+++ SOURCE MATERIAL

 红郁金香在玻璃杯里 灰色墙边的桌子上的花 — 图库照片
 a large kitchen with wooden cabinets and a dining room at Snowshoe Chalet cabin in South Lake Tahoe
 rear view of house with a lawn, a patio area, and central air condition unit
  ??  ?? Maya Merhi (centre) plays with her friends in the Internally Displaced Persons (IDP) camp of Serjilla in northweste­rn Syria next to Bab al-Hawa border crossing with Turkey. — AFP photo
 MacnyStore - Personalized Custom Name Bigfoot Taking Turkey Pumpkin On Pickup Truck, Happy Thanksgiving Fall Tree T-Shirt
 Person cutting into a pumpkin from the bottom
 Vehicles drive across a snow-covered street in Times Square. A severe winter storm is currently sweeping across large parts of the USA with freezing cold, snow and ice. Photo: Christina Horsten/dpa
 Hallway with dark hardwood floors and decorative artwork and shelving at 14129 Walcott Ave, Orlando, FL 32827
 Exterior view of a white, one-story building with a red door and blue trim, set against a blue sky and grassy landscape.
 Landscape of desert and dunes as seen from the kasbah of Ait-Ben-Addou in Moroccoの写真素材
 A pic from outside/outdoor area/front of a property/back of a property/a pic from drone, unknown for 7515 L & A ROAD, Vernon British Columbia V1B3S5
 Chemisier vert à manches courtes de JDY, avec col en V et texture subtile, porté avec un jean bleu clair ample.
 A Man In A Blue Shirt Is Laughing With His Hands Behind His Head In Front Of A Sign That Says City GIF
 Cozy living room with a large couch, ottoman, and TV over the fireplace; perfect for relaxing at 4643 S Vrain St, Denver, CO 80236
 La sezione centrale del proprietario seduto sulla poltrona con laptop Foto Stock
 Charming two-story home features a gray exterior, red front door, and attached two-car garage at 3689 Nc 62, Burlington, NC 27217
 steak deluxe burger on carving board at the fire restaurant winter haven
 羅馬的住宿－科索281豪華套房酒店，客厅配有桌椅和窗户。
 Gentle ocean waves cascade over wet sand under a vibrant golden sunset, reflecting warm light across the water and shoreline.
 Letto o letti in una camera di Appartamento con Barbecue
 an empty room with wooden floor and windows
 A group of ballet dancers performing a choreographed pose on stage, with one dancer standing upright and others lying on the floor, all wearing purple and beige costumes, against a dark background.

++++++

● AIM OF THE EXERCISE: All lines from the line containing "羅馬的住宿－科索281豪華套房酒店，客厅配有桌椅和窗户。" through the last line of the data are to be repeated exactly; no other line belongs in the answer.

● ANSWER SPACE:
 羅馬的住宿－科索281豪華套房酒店，客厅配有桌椅和窗户。
 Gentle ocean waves cascade over wet sand under a vibrant golden sunset, reflecting warm light across the water and shoreline.
 Letto o letti in una camera di Appartamento con Barbecue
 an empty room with wooden floor and windows
 A group of ballet dancers performing a choreographed pose on stage, with one dancer standing upright and others lying on the floor, all wearing purple and beige costumes, against a dark background.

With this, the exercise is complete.